NEW YORK (Reuters) - A Manhattan federal judge signaled on Tuesday that he will not rubber-stamp a central component of billionaire Steven A. Cohen’s SAC Capital Advisors LP’s record $1.2 billion insider trading settlement with the government, saying he needs more information about the accord’s fairness.
Citing the recent judicial “debate” about how closely to scrutinize regulatory settlements, U.S. District Judge Richard Sullivan directed SAC and the U.S. Department of Justice to address at a hearing on Wednesday morning what standard he should use to evaluate the civil forfeiture portion of the accord.
Separately, Sullivan’s colleague, U.S. District Judge Laura Taylor Swain, scheduled a Friday hearing to review the criminal portion of the settlement in which SAC agreed to plead guilty to five fraud counts.
That plea ended years of investigations and made SAC the first big Wall Street firm since Drexel Burnham Lambert more than 20 years ago to admit to criminal conduct.
Monday’s settlement calls for SAC to pay a $900 million criminal penalty and forfeit $900 million in the civil case. The latter sum would be reduced by $616 million, reflecting prior accords with the U.S. Securities and Exchange Commission.
SAC’s $1.8 billion overall penalty represents less than half of the roughly $4 billion of gross profit it has made this year, said a person familiar with the hedge fund’s performance and operating structure, who was not authorized to discuss the results.
Both portions of the settlement require judicial approval to become effective, but Sullivan noted disputes among judges about how much discretion to give federal agencies in resolving enforcement actions.
The 2nd U.S. Circuit Court of Appeals is expected to rule at any time whether to uphold or overturn the 2011 rejection by another colleague of Sullivan, U.S. District Judge Jed Rakoff, of a $285 million civil fraud settlement between Citigroup Inc and the U.S. Securities and Exchange Commission.
In rejecting that settlement, Rakoff said he was not given enough facts to decide whether approval was fair or in the public interest, and the 2nd Circuit is reviewing whether he used the right standard.
Approval of one of the SAC accords with the SEC has also been held up pending the 2nd Circuit decision.
Noting this uncertainty, Sullivan directed the Justice Department and SAC to address what standard he should use to review the civil forfeiture settlement, whether the standard was satisfied, and what steps have been taken to protect the rights of potential claimants to the forfeited property.
SAC spokesman Jonathan Gasthalter declined to comment.
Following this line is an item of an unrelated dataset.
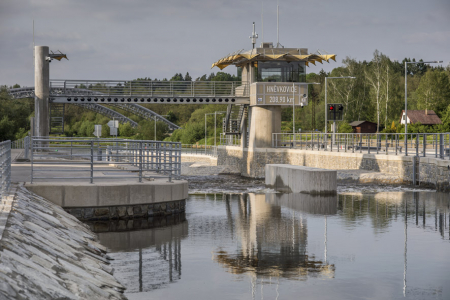 Velín s ocelovou lávkou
Jennifer Queliz, a spokeswoman for U.S. Attorney Preet Bharara in Manhattan, declined to comment.
C. Evan Stewart, a partner at Zuckerman Spaeder in New York, who is not involved in the case, expects the government and SAC to argue that the forfeiture accord meets whatever standard Sullivan chooses to apply.
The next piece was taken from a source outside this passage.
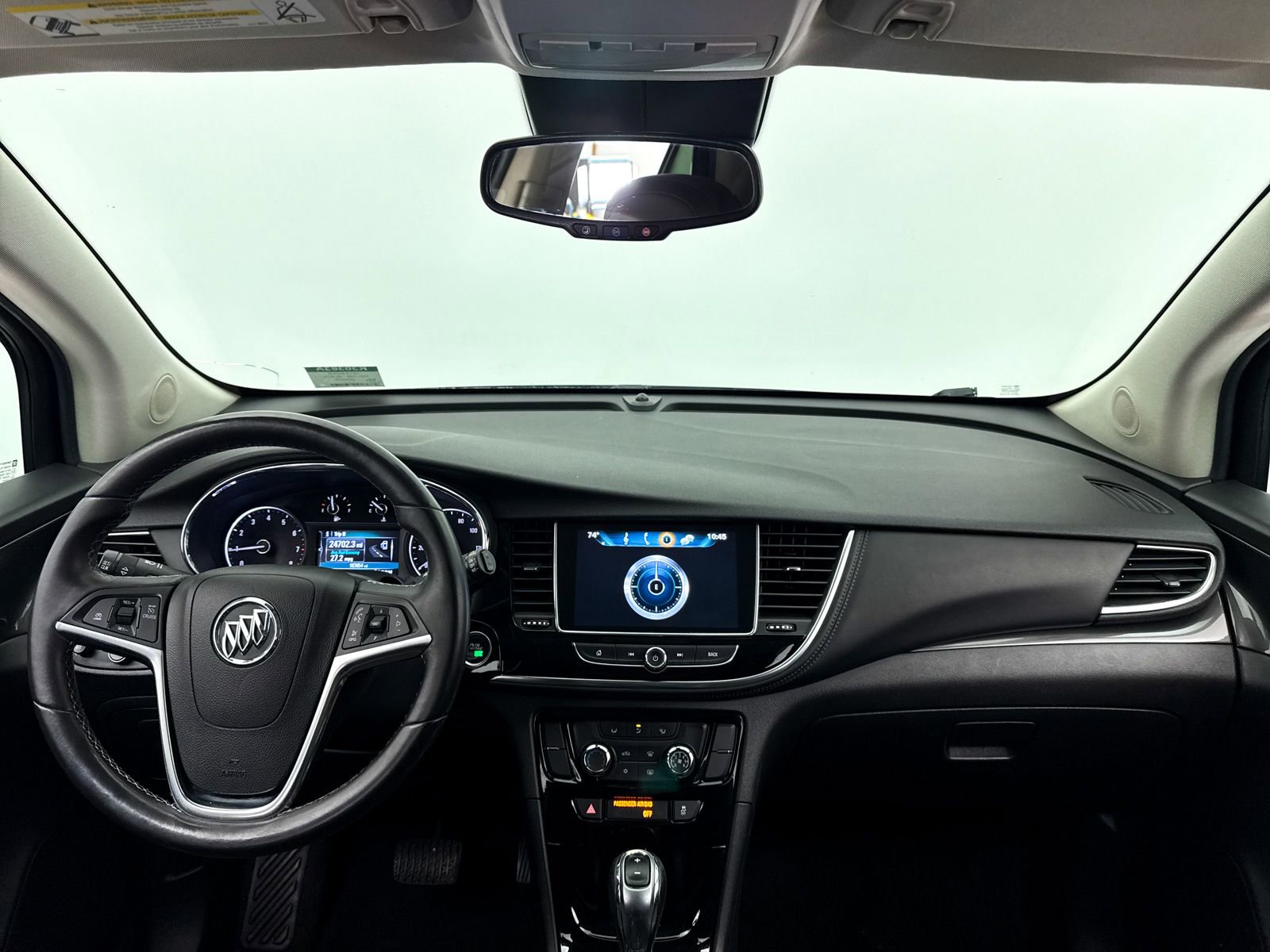 Used 2018 Buick Encore Preferred image 19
“Judge Sullivan is a very thoughtful and careful judge,” Stewart said. “In light of the very high public interest in this particular settlement, (he) wants to hear from all sides about what standards they think he should apply.”
As part of the overall settlement, SAC agreed to stop managing money from outside investors.
Cohen, who has not charged with criminal offenses, is expected to continue managing about $9 billion of his own money via a so-called family office.
The hearing before Sullivan on Wednesday is scheduled for 10:30 a.m. EST. The hearing before Swain on Friday is scheduled for 3 p.m. EST.
The cases are U.S. v. SAC Capital Advisors LP et al, U.S. District Court, Southern District of New York, No. 13-cr-00541; and U.S. v. SAC Capital Advisors LP et al in the same court, No. 13-05182.